Source material

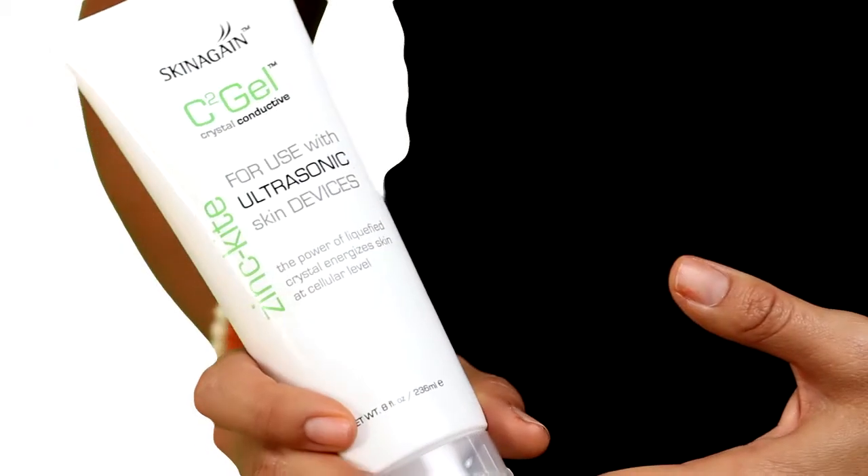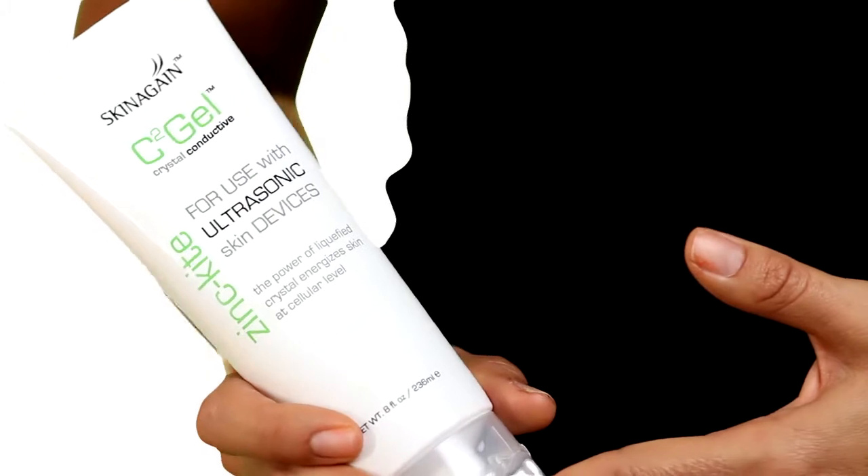Hi, I'm Jonna. One of our best-selling products here at SkinAgain is our zincite conductive gel. Whether you're an esthetician or simply just a woman in her bathroom using her ultrasonic or galvanic machine, this is a must-have.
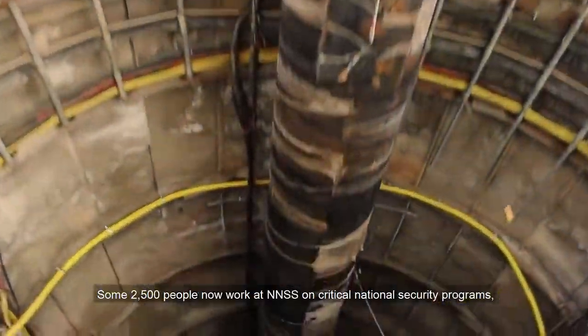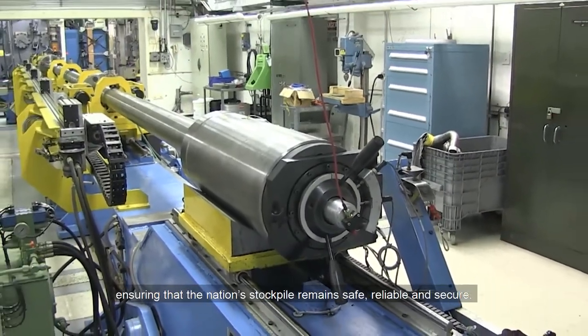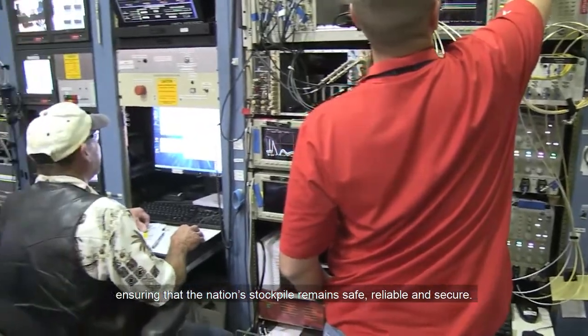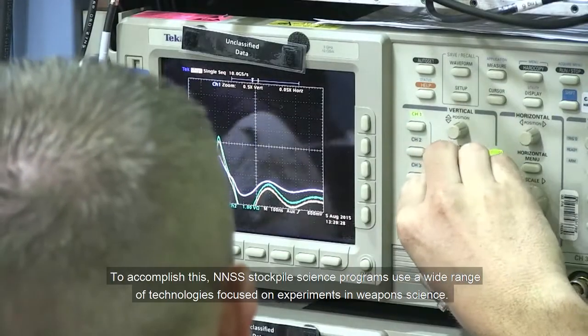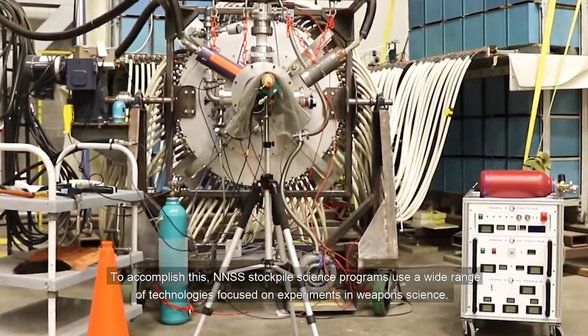Some 2,500 people now work at NNSS on critical national security programs, ensuring that the nation's stockpile remains safe, reliable, and secure. To accomplish this, NNSS stockpile science programs use a wide range of technologies focused on experiments in weapons science.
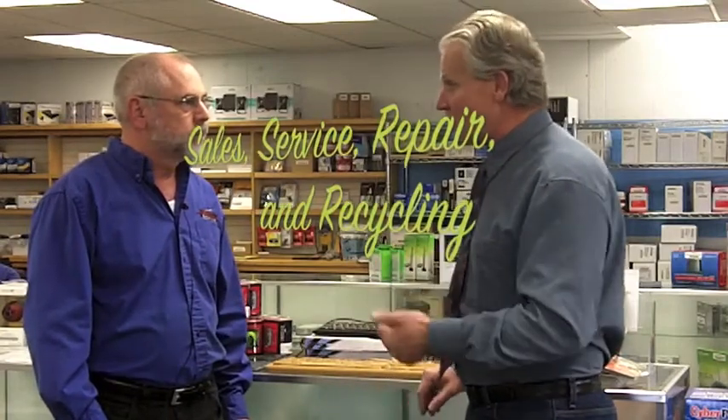So you do service, you do repair, you do sales. We also do recycling too — e-waste recycling. So you keep that stuff out of the landfills. Excellent.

Prompt
Print the data above exactly, from its first line to the line bearing "Some 2,500 people" inclusive, and keep pictures out of the result.

Reply to the exercise
Hi, I'm Jonna. One of our best-selling products here at SkinAgain is our zincite conductive gel. Whether you're an esthetician or simply just a woman in her bathroom using her ultrasonic or galvanic machine, this is a must-have.
Some 2,500 people now work at NNSS on critical national security programs, ensuring that the nation's stockpile remains safe, reliable, and secure. To accomplish this, NNSS stockpile science programs use a wide range of technologies focused on experiments in weapons science.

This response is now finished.